# Solar lights for pathway



## Andyg_TSi (Sep 6, 2013)

Ive been looking online for a set of solar lights to mount on walls either side of my pathway from the front gate up to a set of steps.
My house is an end quasi-semi & its raised up from road level, so I have a raised front garden that has a retaining wall and on the other side of the gate I've a raised bed.

I only want to buy once, so Im looking for 6 lights (3 for each wall and longevity is the priority. I want lights that look stylish either stainless steel or black but will last for a good few years. Ive seen a fair variation in price but really expensive doesn't necessarily mean they're the best....
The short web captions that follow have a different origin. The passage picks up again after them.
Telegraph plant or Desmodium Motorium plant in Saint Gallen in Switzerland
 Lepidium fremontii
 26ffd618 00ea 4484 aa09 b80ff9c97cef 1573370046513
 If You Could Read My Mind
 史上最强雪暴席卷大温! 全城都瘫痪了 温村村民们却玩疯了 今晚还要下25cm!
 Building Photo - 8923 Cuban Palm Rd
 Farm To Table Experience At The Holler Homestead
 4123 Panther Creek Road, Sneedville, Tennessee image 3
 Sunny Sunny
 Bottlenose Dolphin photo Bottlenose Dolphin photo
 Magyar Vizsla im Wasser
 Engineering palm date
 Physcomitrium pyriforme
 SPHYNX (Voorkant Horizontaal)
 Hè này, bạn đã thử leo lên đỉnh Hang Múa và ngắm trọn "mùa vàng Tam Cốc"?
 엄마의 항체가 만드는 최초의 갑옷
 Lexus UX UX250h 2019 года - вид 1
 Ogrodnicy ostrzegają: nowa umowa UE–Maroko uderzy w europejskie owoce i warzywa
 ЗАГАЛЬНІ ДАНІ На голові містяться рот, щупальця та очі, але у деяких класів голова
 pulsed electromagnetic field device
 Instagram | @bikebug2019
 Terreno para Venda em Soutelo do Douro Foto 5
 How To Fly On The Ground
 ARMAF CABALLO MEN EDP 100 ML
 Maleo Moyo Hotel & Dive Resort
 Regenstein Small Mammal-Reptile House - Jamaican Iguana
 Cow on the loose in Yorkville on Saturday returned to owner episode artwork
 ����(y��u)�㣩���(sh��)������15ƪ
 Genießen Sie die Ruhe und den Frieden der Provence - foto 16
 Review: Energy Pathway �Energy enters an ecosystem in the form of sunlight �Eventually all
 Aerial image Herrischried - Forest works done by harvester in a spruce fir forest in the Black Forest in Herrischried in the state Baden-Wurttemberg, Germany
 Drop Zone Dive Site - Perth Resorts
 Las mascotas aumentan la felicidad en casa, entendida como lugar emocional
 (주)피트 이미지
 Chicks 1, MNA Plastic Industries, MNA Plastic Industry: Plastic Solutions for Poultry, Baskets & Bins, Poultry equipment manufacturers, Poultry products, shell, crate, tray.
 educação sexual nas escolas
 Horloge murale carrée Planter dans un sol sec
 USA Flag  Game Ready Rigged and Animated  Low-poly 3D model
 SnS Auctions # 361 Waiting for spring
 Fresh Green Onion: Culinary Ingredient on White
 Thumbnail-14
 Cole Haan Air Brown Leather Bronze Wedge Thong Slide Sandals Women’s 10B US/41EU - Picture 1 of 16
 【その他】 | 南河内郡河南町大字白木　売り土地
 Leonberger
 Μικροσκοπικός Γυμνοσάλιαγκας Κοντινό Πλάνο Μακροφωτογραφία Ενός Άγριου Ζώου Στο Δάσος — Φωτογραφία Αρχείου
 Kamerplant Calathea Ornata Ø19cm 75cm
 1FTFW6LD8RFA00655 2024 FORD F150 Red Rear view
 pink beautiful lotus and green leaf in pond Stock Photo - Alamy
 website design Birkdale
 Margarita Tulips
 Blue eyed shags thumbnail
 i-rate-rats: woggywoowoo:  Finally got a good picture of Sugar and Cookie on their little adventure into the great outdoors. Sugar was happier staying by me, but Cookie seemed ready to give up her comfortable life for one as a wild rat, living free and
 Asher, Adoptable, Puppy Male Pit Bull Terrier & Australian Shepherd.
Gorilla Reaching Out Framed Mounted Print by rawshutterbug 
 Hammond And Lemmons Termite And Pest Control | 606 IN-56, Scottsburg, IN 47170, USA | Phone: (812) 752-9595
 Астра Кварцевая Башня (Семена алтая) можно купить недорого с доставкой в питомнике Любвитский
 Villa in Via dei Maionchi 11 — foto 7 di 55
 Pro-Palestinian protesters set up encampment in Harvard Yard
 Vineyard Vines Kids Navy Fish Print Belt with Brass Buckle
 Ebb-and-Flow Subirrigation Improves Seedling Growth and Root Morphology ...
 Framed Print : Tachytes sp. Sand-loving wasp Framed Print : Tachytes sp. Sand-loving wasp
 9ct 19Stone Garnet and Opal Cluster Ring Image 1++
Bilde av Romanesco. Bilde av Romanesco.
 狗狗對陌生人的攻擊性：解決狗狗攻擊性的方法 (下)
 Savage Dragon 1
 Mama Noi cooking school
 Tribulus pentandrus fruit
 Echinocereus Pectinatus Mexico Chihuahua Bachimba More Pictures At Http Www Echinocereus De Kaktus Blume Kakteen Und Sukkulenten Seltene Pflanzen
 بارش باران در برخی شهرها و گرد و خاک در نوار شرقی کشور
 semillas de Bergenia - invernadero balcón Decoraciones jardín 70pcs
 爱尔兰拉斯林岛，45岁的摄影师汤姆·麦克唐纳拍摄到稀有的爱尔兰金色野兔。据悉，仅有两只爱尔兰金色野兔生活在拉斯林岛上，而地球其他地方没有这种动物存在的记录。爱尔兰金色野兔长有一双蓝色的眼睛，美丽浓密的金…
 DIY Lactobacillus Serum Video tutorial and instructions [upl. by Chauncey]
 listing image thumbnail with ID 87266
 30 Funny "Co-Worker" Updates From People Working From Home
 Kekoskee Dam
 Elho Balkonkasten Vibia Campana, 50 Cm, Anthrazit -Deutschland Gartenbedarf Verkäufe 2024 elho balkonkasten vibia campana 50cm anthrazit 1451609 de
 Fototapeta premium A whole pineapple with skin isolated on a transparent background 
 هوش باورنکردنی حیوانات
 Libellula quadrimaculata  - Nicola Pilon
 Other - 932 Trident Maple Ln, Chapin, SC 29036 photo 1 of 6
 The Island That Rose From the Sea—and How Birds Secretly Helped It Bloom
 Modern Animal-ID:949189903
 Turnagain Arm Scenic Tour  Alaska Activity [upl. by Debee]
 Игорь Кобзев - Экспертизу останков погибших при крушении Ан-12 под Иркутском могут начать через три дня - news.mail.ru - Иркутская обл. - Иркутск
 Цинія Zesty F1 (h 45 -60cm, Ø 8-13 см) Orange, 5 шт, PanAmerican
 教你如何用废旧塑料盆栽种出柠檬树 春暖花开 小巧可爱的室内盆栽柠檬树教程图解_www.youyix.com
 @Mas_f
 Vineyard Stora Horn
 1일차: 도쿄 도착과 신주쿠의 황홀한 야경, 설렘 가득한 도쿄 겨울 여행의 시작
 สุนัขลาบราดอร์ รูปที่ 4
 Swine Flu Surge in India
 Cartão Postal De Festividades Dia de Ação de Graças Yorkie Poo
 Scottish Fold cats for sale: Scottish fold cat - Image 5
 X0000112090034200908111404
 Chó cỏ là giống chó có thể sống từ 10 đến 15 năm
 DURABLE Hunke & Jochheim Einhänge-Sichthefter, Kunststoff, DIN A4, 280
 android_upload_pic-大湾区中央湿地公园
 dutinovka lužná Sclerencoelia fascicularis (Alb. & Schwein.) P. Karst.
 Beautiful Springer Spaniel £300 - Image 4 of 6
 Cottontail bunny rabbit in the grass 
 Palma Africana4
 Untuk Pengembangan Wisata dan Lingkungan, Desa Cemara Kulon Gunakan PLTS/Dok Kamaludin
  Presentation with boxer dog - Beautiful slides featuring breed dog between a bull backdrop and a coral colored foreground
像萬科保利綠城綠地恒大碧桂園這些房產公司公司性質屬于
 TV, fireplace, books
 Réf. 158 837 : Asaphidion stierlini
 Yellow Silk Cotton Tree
Anyone have any recommendations?. Ive got some solar lights in the rear garden (the sort on a pole that you spike into a bed or planter) but these only really last a year, so they're pretty crap


----------



## DLGWRX02 (Apr 6, 2010)

My wife was lucky that when she was looking for some fence solar lights, she went in Asda and they had these
https://direct.asda.com/george/outd...ence-light-set-of-4/050597318,default,pd.html
And they had dropped them down to just £3 a box. So 4 boxes fir the price of one. As ever I was sceptical about them. Ile let the pictures speak for themselves.























I think she bought about 10 boxes in total and only used 5.lol. These are still illuminated at 5.30am when I'm walking out the door to get in my car for work in the mornings.


----------



## Arvi (Apr 11, 2007)

We've had these for a year and I have been happy with them. I was skeptical as previous solar lights died quite quickly.

https://www.amazon.co.uk/Mpow-Gener...&qid=1569577957&sprefix=mpow+3,aps,149&sr=8-5


----------



## Walesy. (Oct 1, 2009)

I have these on my fence,

https://www.ebay.co.uk/itm/Solar-Po...e=STRK:MEBIDX:IT&_trksid=p2057872.m2749.l2649

Ive just bought a new set for the other side of my garden/driveway


----------



## Cookies (Dec 10, 2008)

Walesy. said:


> I have these on my fence,
> 
> https://www.ebay.co.uk/itm/Solar-Po...e=STRK:MEBIDX:IT&_trksid=p2057872.m2749.l2649
> 
> Ive just bought a new set for the other side of my garden/driveway


Just had a look at those - and they dont post to NI........

Cooks

Sent from my SM-G950F using Tapatalk


----------



## Andy from Sandy (May 6, 2011)

I wish all of you luck with solar lamps.

My partner has bought quite a few different types and none have lasted. Stuff that lasts is more than a couple of years.

I put them in the rubbish column.


----------